Virtual Container Host Networks
You can configure networks on a virtual container host (VCH) that tie your Docker development environment into the vSphere infrastructure. You define which networks are available to a VCH when you use
vic-machine create to deploy the VCH.
- High-Level View of VCH Networking
- Understanding Docker and VCH Networking
- VCH Networks
- Networking Limitations
- Host Firewall Configuration
The image below shows how VCH networks connect to your vSphere environment, to vSphere Integrated Containers Registry and Management Portal, and to public registries, such as Docker Hub.
Ports and Protocols
The image below shows detailed information how different entities that are part of a vSphere Integrated Containers environment communicate with each other.
To understand how you can configure networks on VCHs, you first must understand how networking works in Docker.
For an overview of Docker networking in general, and an overview of networking with vSphere Integrated Containers in particular, watch the Docker Networking Options and vSphere Integrated Containers Networking Overview videos on the VMware Cloud-Native YouTube Channel:
See also Docker container networking in the Docker documentation.
You can direct traffic between containers, the VCH, the external Internet, and your vSphere environment to different networks.
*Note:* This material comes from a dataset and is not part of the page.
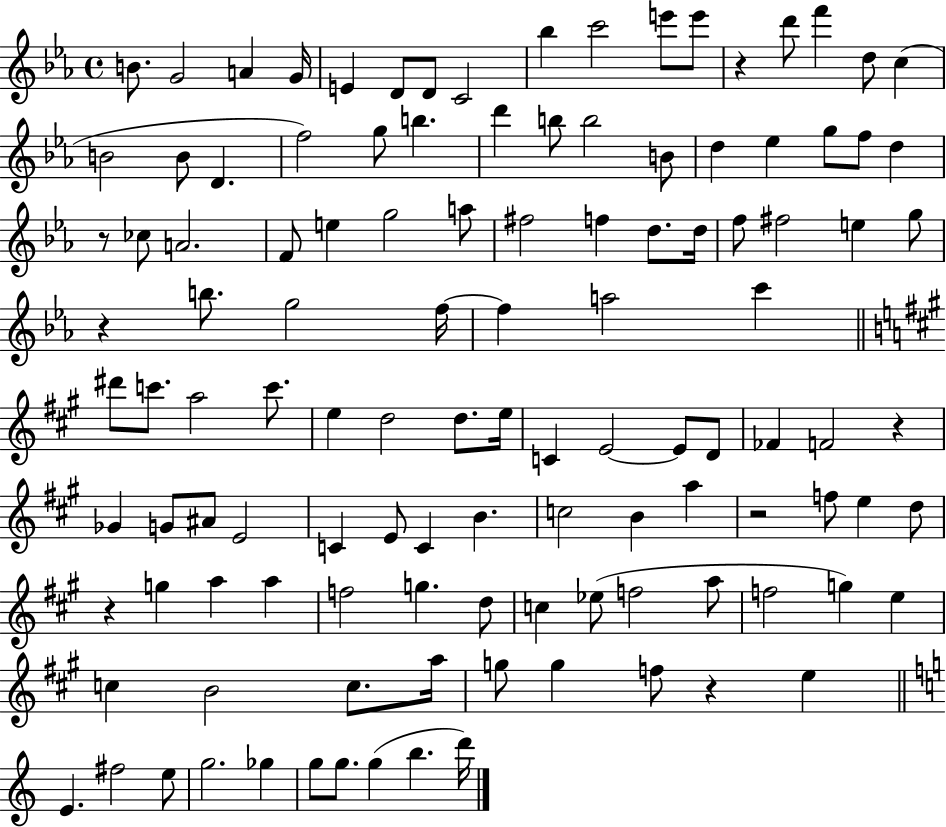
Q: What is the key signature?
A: EES major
Each network that a VCH uses is a distributed port group or an NSX logical switch on either a vCenter Server instance or an ESXi host. You must create port groups or logical switches in vSphere before you deploy a VCH.
IMPORTANT: All hosts in a cluster should be attached to the port groups that you use for the VCH networks and for any mapped container networks.
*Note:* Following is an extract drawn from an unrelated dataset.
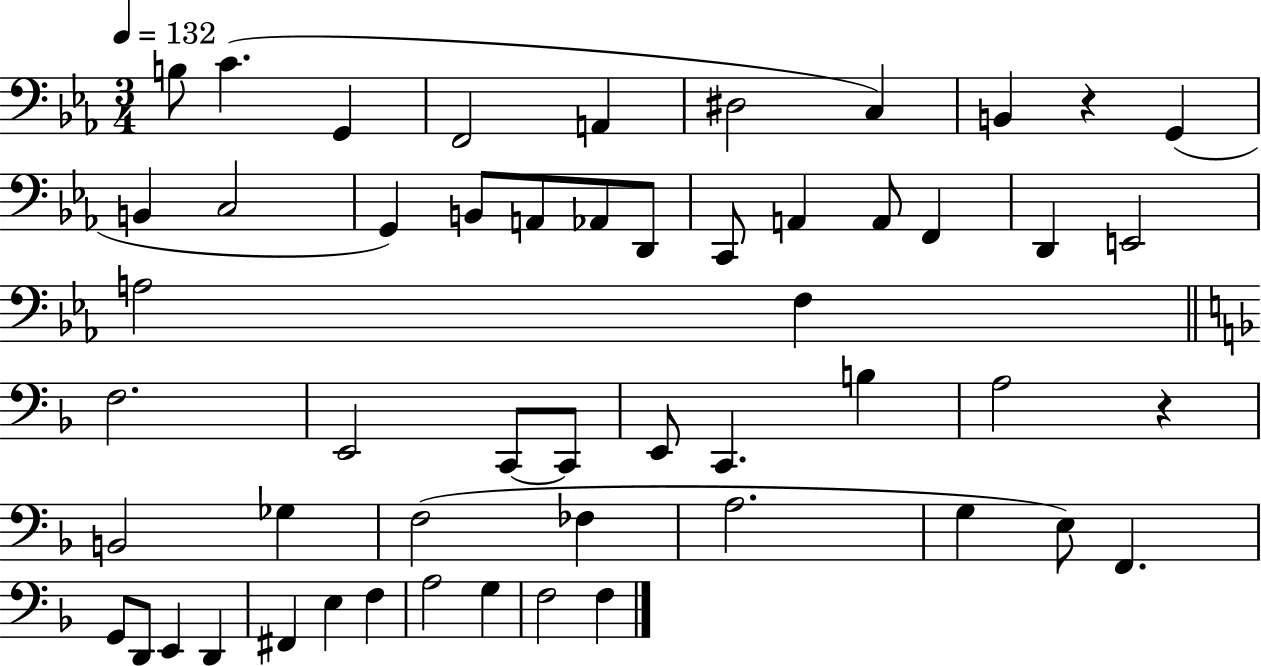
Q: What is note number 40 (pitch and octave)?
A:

For general information VCH networking requirements and how to create a VMware vSphere Distributed Switch and port group, see Networking Requirements for VCH Deployment.
- Bridge Networks: In Docker terminology, the VCH bridge network corresponds to the default bridge network on a Docker host. You can also create additional bridge networks, that correspond to Docker user-defined networks. You must create a dedicated port group for the bridge network for every VCH. For information about VCH bridge networks, see Configure Bridge Networks.
Public Network: The network that container VMs and VCHs use to access the Internet. The VCH endpoint VM must be able to obtain an IP address on this port group. You can use the same port group as the public network for multiple VCHs. You cannot use the same port group for the public network as you use for the bridge network.
- If you use the Create Virtual Container Host wizard to create VCHs, it is mandatory to use a port group for the public network.
If you use
vic-machineto deploy VCHs, by default the VCH uses the VM Network, if present, for the public network. If the VM Network is present, it is therefore not mandatory to use a port group for the public network, but it is strongly recommended. Using the default VM Network for the public network instead of a port group prevents vSphere vMotion from moving the VCH endpoint VM between hosts in a cluster. If the VM Network is not present, you must create a port group for the public network.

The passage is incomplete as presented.